• peterswe (10/8/2013)


    Since I have worked with Oracle I have removed duplicates using the rowid column. SQL Server has something similar but its an undocumented feature (might be changed without notice).

    delete

    from table t1

    where exists

    (select *

    from table t2

    where t1.column1 = t2.column1

    and t1.column2 = t2.column2

    ...

    and t1.rowid > t2. rowid) -- in Oracle

    and t1.%%physloc%% > %%physloc%%) -- in SQL Server

    This self join can be useful, you dont need to compare all rows for example and it removed more than one row in case of tripple duplicates.

    http://www.sqlskills.com/blogs/paul/sql-server-2008-new-undocumented-physical-row-locator-function/

    Not so sure how happy I would be using this - but then as Paul says all the cool stuff is undocumented.
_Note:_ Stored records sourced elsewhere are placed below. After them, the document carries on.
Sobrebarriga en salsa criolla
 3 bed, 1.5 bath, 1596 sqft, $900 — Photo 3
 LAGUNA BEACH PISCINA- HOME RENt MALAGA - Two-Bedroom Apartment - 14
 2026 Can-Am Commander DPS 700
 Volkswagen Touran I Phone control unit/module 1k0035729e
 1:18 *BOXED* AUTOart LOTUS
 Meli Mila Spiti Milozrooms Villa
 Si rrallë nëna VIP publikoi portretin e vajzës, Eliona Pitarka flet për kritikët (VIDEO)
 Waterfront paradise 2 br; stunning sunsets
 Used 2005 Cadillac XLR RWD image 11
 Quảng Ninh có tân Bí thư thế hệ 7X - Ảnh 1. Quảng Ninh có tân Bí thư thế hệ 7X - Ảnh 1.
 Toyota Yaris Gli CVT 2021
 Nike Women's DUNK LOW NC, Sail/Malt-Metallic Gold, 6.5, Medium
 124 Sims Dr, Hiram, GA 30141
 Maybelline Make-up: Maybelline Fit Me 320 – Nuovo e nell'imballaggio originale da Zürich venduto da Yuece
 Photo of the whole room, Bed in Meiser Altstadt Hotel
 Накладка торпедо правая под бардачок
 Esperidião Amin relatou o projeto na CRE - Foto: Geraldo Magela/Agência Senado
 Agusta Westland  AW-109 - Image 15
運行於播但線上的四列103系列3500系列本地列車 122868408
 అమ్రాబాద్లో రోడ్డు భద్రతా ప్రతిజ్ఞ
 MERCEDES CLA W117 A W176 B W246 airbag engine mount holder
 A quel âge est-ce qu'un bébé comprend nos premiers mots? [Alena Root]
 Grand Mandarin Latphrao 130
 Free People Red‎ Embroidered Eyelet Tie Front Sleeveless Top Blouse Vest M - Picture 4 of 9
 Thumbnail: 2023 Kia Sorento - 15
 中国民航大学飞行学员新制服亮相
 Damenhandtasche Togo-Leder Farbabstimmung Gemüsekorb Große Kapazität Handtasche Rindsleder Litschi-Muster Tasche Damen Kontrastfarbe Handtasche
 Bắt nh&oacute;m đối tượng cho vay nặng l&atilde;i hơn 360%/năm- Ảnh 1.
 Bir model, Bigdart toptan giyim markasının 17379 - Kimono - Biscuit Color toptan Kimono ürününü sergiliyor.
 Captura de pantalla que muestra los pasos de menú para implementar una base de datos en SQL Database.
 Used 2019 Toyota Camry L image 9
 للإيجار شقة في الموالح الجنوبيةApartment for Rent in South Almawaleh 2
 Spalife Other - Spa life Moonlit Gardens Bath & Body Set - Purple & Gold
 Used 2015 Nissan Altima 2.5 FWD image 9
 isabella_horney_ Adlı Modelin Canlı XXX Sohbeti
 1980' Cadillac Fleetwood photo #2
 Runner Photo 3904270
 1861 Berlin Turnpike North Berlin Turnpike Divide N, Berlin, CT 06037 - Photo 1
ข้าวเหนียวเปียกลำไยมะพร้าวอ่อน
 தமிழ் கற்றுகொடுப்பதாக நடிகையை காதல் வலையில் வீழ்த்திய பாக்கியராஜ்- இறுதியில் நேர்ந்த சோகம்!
    Great question, I really like how you have included the ability to retain the latest version.. I usually use a more simple way to remove duplicate rows..

    Using the same table...

    Declare @FName varchar(30), -- values to look for

    @LName varchar (30),-- values to look for

    @cnt int -- count

    Declare getallrecords cursor local static For

    Select count (1), Fname, Lname

    from DuplicateRow (nolock)

    group by FName, LName having count(1)>1

    Open getallrecords

    Fetch next from getallrecords into @cnt,@FName,@LName

    --Cursor to check with all other records

    While @@fetch_status=0

    Begin

    Set @cnt= @cnt-1

    Set rowcount @cnt

    -- Deleting the duplicate records. Observe that all fields are mentioned at the where condition

    Delete from DuplicateRow where Fname=@FName and LName=@LName

    Set rowcount 0

    Fetch next from getallrecords into @cnt,@FName,@LName

    End

    Close getallrecords

    Deallocate getallrecords

    Obviously depending on how many rows you need to compare to ensure your only removing duplicates would depend on what you declare and select.

    Hope this helps...

    Ford Fairlane
    Rock and Roll Detective